Making Peg Dolls Launch Events

Making Peg Dolls?

 Yes!  We've been making peg dolls!

We launched Making Peg Dolls at Kepler's Books in February. I am ever so grateful to Angela who organized the whole event, and my gratitude reaches further to the delightful families who joined us at Kepler's and other recent bookstore events to have fun and... make peg dolls!


The next event on the calender is June 30th at Castle in the Air in Berkeley.  If you are interested in hosting an event or workshop for a bookstore, craft store, school or library, please let me know! (note: I am currently only available for events in the SF Bay Area, however I hope to be able to travel beyond the SF Bay Area by the end of 2014.)


Happy Poisson d'Avril (a repost from last year)
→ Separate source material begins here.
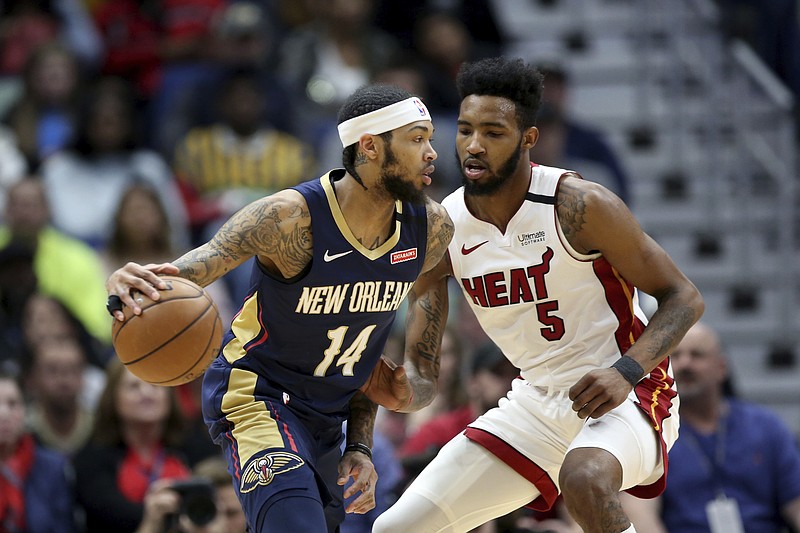 AP photo by Rusty Costanza / New Orleans Pelicans forward Brandon Ingram dribbles while guarded by Miami Heat forward Derrick Jones Jr. on March 6 in New Orleans.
This is a re-post of something I posted on my blog last year for April Fools Day.  I had so much fun creating the dolls for this post; however, I'm very sad to tell you that no one (not one person) has taken me up on the challenge I issued at the very end of the post. Go ahead -- take my challenge -- I dare you!!
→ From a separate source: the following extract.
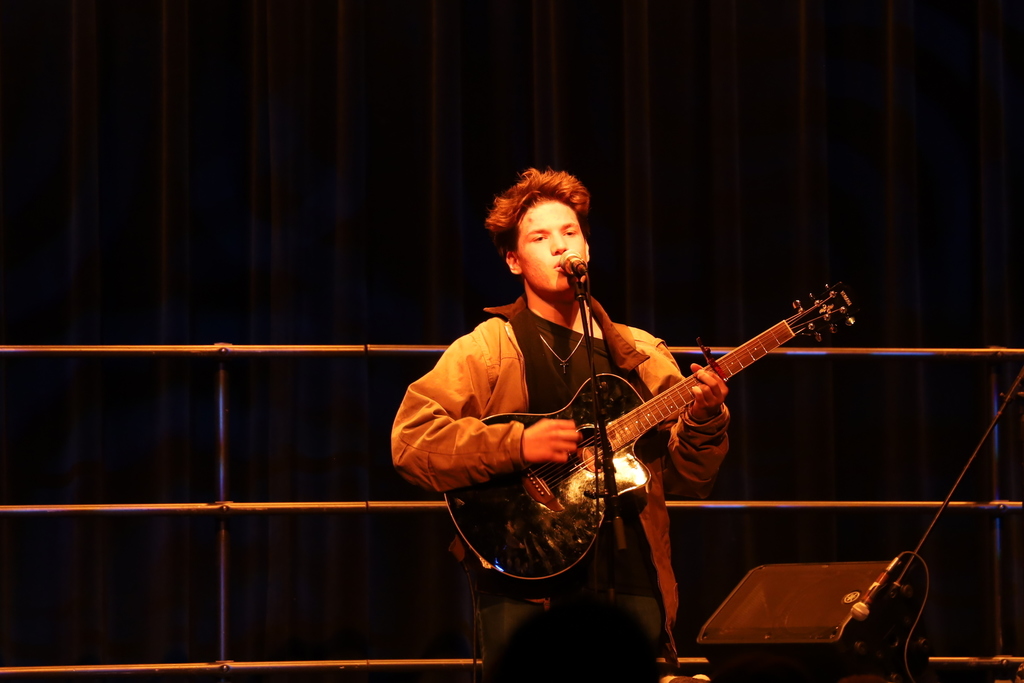Student singing with guitar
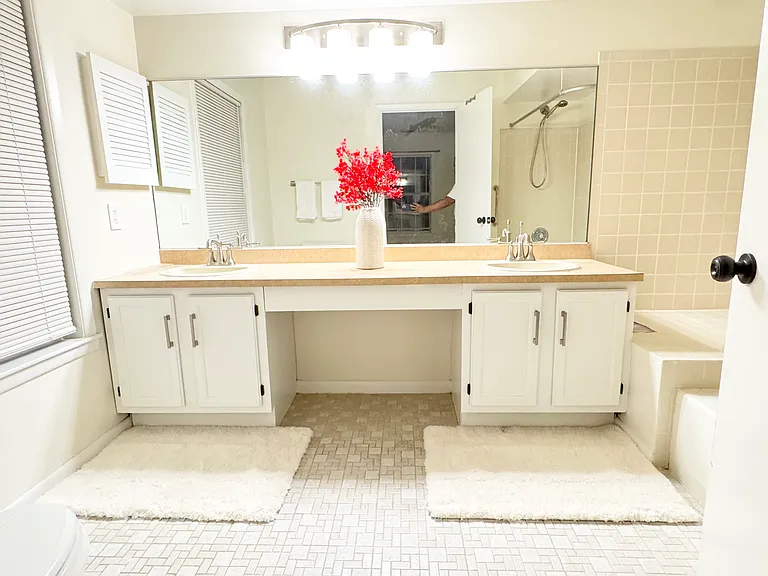 Large, bright master bathroom attached to master bedroom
I'm not sure where I first heard of Poisson D'Avril... the origins of this odd observance are rather obscure.  One theory I came across credits Pope Gregory for creating confusion when he set up his eponymous "Gregorian Calender" in 1562.  When Pope Gregory instituted the calender, the start of the new year was moved from April 1st to January 1st, and those who persisted in celebrating the start of the year on April 1st were called "April Fools."  What this has to do with fish (and French fish, for that matter) I have no idea, but Google and Wikipedia seemed to think that, somehow, the two are linked.
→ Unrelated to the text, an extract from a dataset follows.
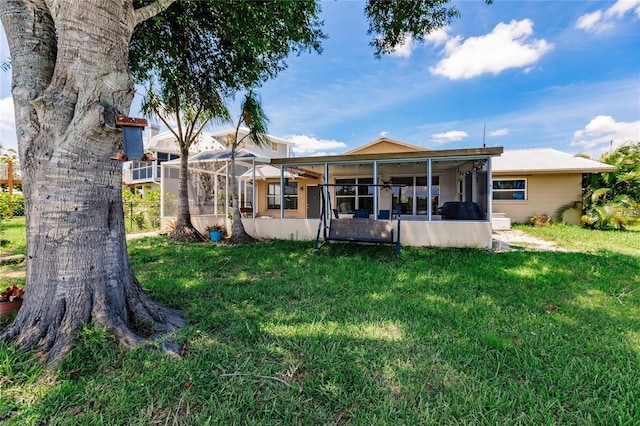 rear view of property with a yard, a lanai, and a sunroom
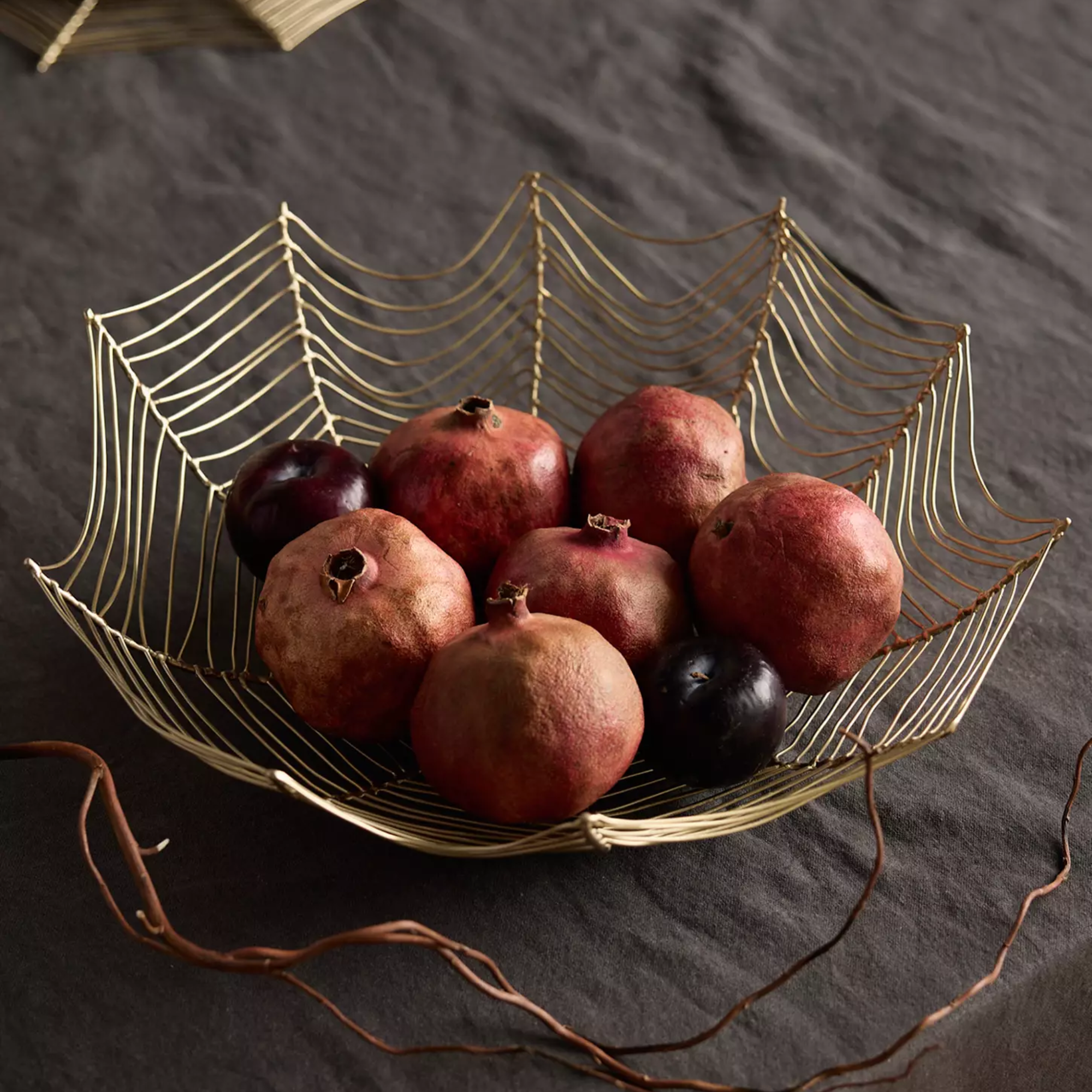 a spider web-like fruit bowl holding an assortment of pomegranates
The one place I was able to track down a story linking fish and April Fool's Day was within the book All Year Round by Ann Druitt, Christine Fynes-Clinton and Marije Rowling. According to the authors of All Year Round, the celebration of April Fools Day commemorates the birthday, on April 1, 1752, of Olaf Toyou, the first born son of Hungarian fisher folk.  The story goes as follows:

When Olaf was 6 months old, a strong earthquake struck far out in the Mediterranean. Olaf was sleeping in a cradle slung from the branch of a tree while his mother worked nearby.  The earthquake caused the sea to race up the beach so quickly and quietly that she didn’t notice the waves had carried Olaf away until it was too late.  She ran to save her son, but all she found in the cradle was a small fish.  Olaf's mother ran to find her husband, crying that their baby was gone, and while her back was turned, a second tidal wave miraculously removed the fish and returned the baby to the cradle. When the husband looked inside the cradle and found his son, he berated his wife as a fool.  She, however, remained convinced that her son had the power to turn himself into a fish at will!

To this day, people in France must beware of turning their backs on April 1st.  They may later discover a paper fish pinned to their jacket and realize with embarrassment that they have become the ‘Poisson d’Avril’(‘April Fish.’)


 Hungarian fisher-folk? French fish?  Again, I'm a little confused.  And what, pray tell, does all this have to do with peg dolls?  Well, in 2011 , I hosted a peg doll swap and my friend Caroline signed up to participate. She couldn't decide what type of doll to create for the swap but told me that, because of her love of cooking, she felt her inspiration would surely come from a recipe.  I glanced over at her four shelves full of cookbooks and came up with some helpful (okay, appalling, if truth be told) suggestions for her peg dolls: Poached flounder with butter & herbs? Chicken vindaloo? Shrimp ceviche? A cheese & mushroom omelet? Needless to say, she did not take any of my suggestions.  I, however, decided to rise to the challenge.  I submit to you a Flounder Peg Doll... my very own Poisson D'Avril.

Have you ever come up with a creative idea, so peculiar that you simply had to see it through?  This sort of endeavor reminds me of the beer milkshake, dreamed up and desperately craved by the character Doc in John Steinbeck's book Cannery Row.  Perhaps, even at this moment, you are feeling inspired by my Peg Doll Flounder.  Is it time for you to try to out-do me and create the most dreadful peg doll ever? Something even uglier than my flounder?   Now that will be quite the task...  I dare you!